*** Opening of Given data ***

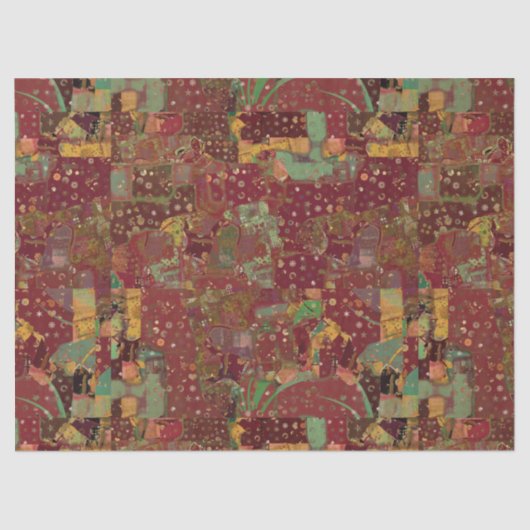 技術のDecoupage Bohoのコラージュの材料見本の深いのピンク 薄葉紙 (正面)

*** Close of Given data ***
*** Opening of Given data ***

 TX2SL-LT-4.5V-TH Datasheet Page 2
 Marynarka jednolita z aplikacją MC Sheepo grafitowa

*** Close of Given data ***

* Work instructions *
Out of the data above, set down the lines from the one with "TX2SL-LT-4.5V-TH Datasheet Page 2" to the one with "Marynarka jednolita z", both included, exactly as written and with no additions.

* Solution to the exercise *
 TX2SL-LT-4.5V-TH Datasheet Page 2
 Marynarka jednolita z aplikacją MC Sheepo grafitowa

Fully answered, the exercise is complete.